### What the exercise asks
Only the text is wanted; write out each record below exactly and exclude all pictures.

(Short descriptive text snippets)
* * * *

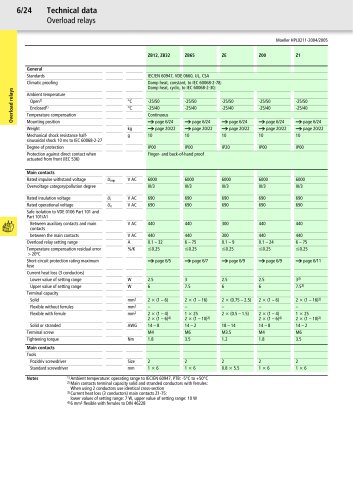 Main Catalogue Industrial Switchgear 2004/2005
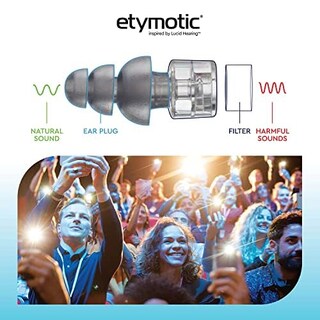 Foto 5 | Tapones Para Los Oídos Etymotic Research Er20xs De Alta Fidelidad Reutilizables - Venta Internacional.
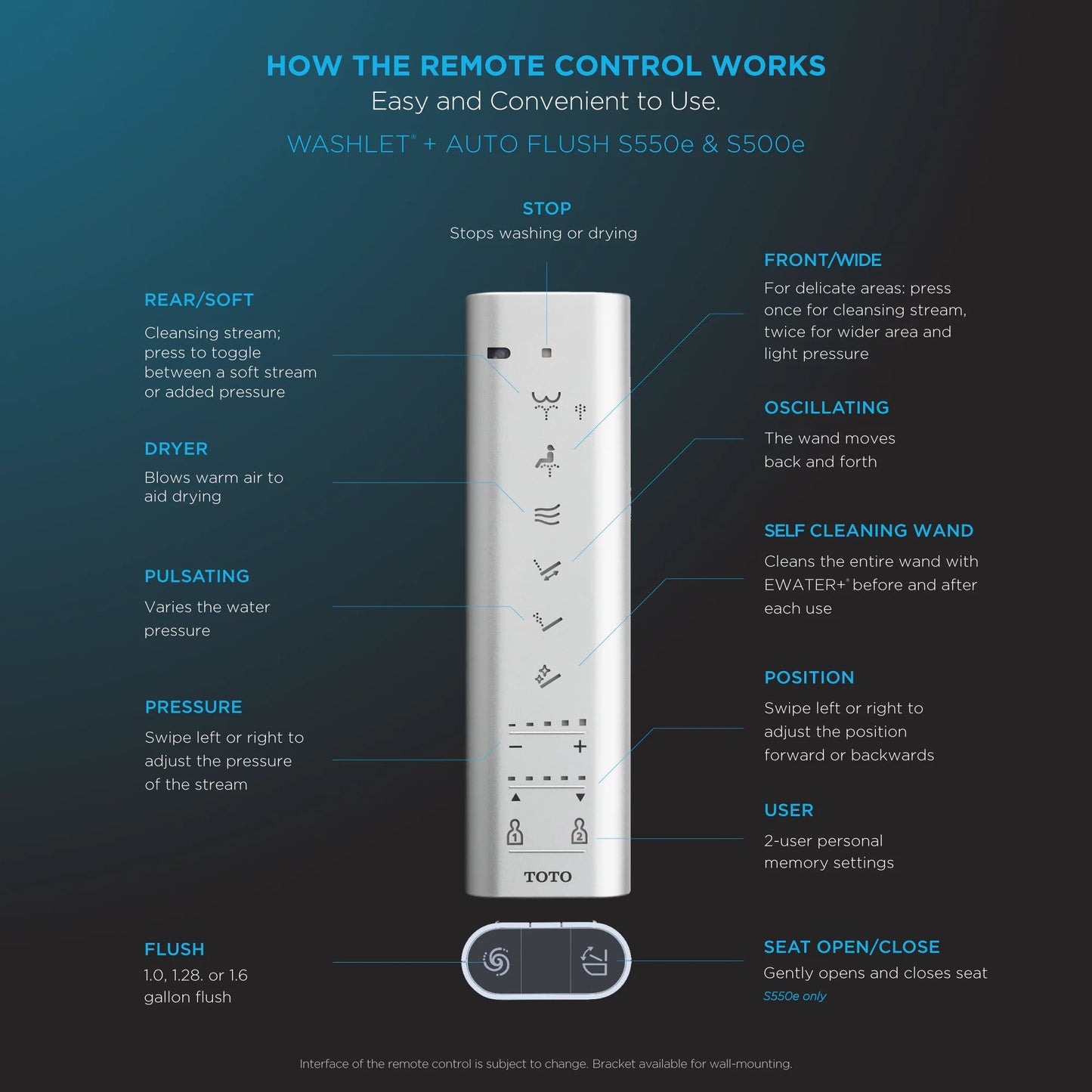 MW6263046CEFGA#01 - Aimes Washlet+ S500e One Piece Toilet
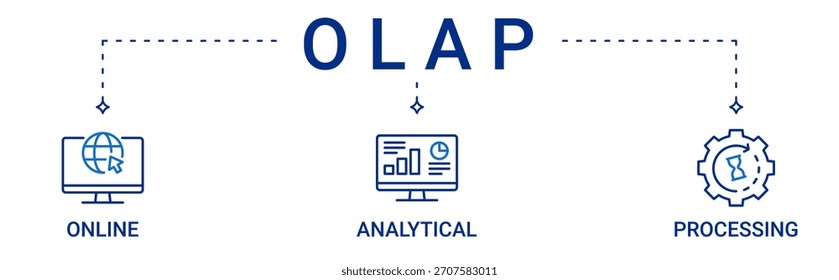 OLAP icon set containing Online, Analytical and Processing vector icons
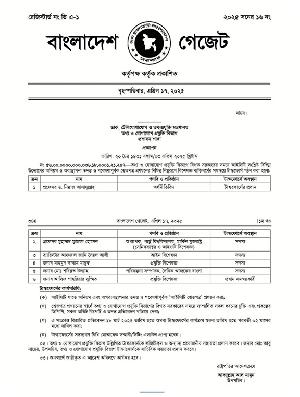 এসআরবি গঠনের গেজেট প্রকাশ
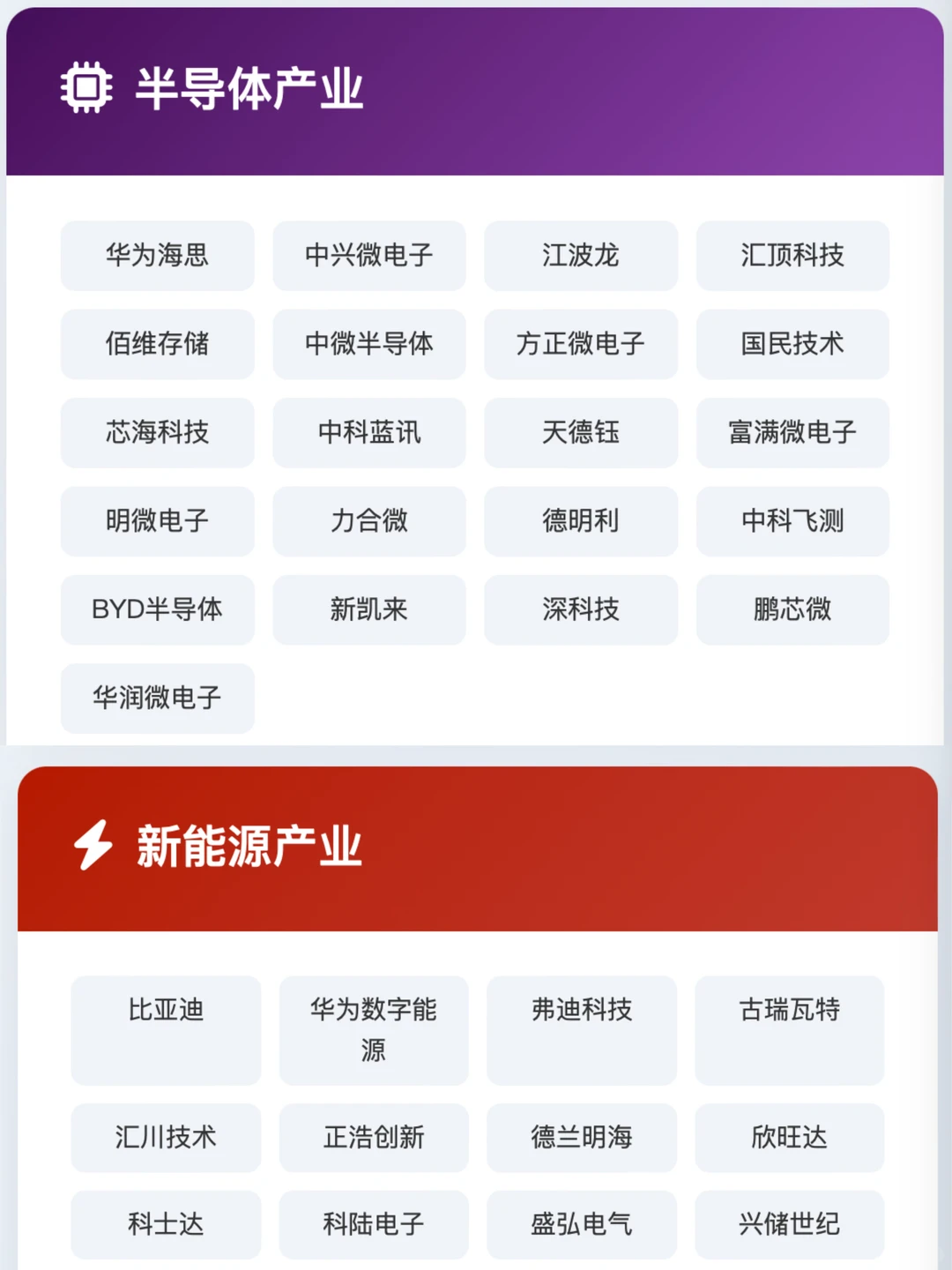 深漂er速存！深圳各领域硬核企业清单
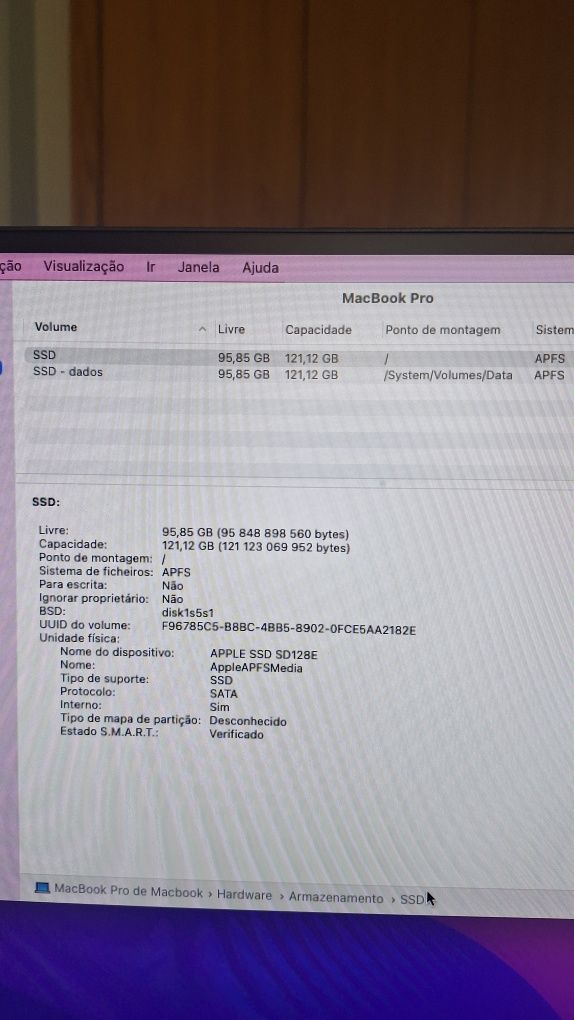 MacBook pro final 2012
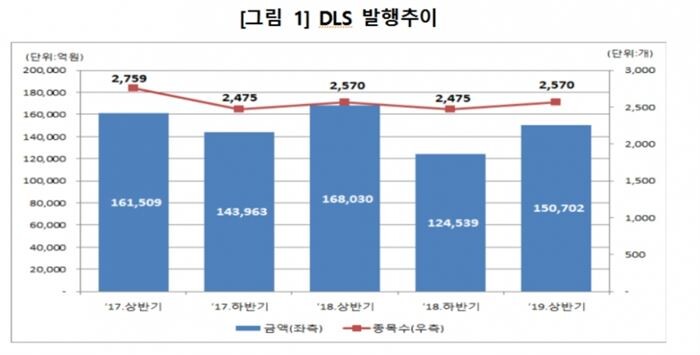 [자료 = 한국예탁결제원]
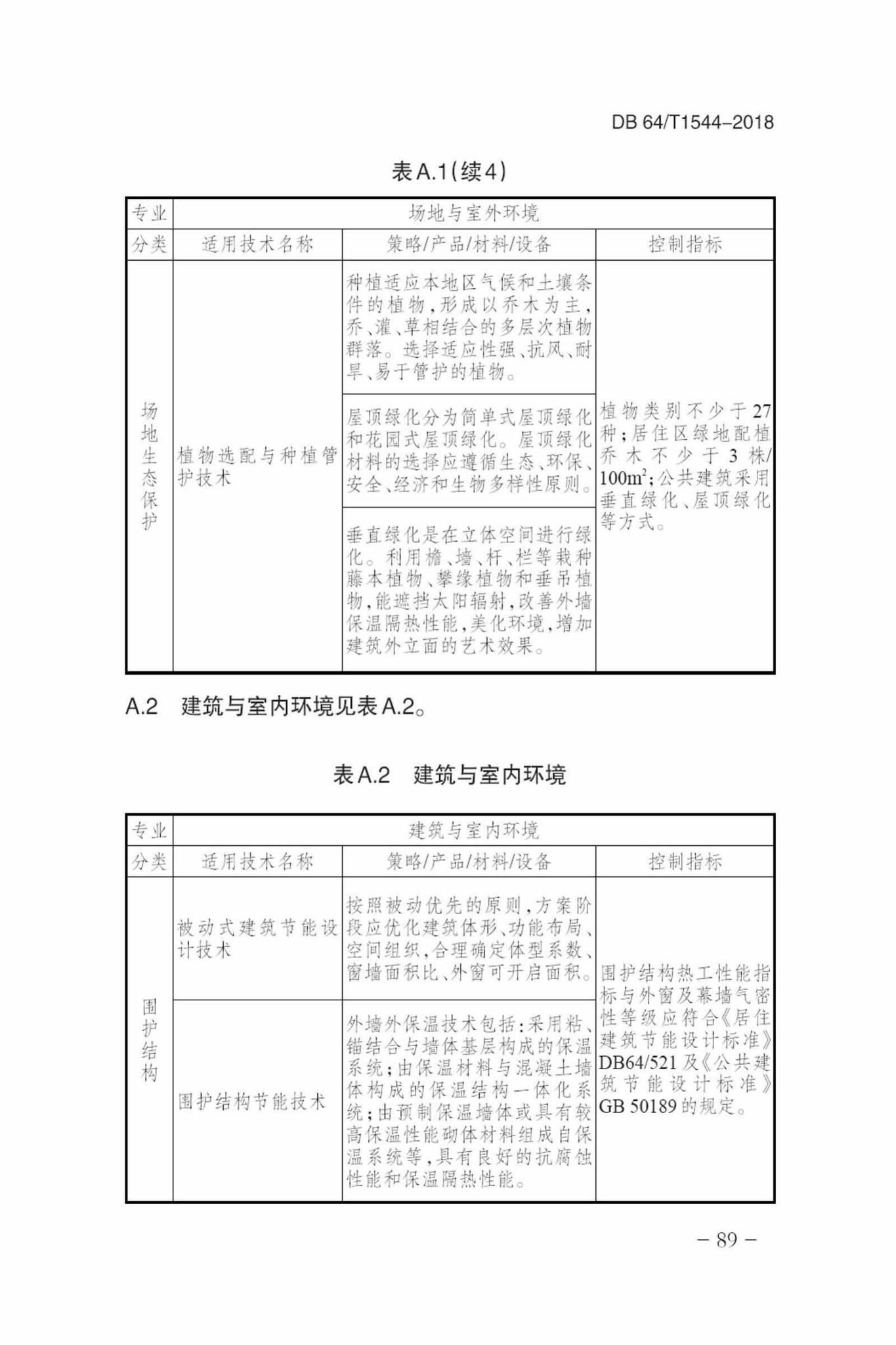 DB64/T1544-2018--绿色建筑设计标准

* * * *

### Answer to this exercise
 Main Catalogue Industrial Switchgear 2004/2005
 Foto 5 | Tapones Para Los Oídos Etymotic Research Er20xs De Alta Fidelidad Reutilizables - Venta Internacional.
 MW6263046CEFGA#01 - Aimes Washlet+ S500e One Piece Toilet
 OLAP icon set containing Online, Analytical and Processing vector icons
 এসআরবি গঠনের গেজেট প্রকাশ
 深漂er速存！深圳各领域硬核企业清单
 MacBook pro final 2012
 [자료 = 한국예탁결제원]
 DB64/T1544-2018--绿色建筑设计标准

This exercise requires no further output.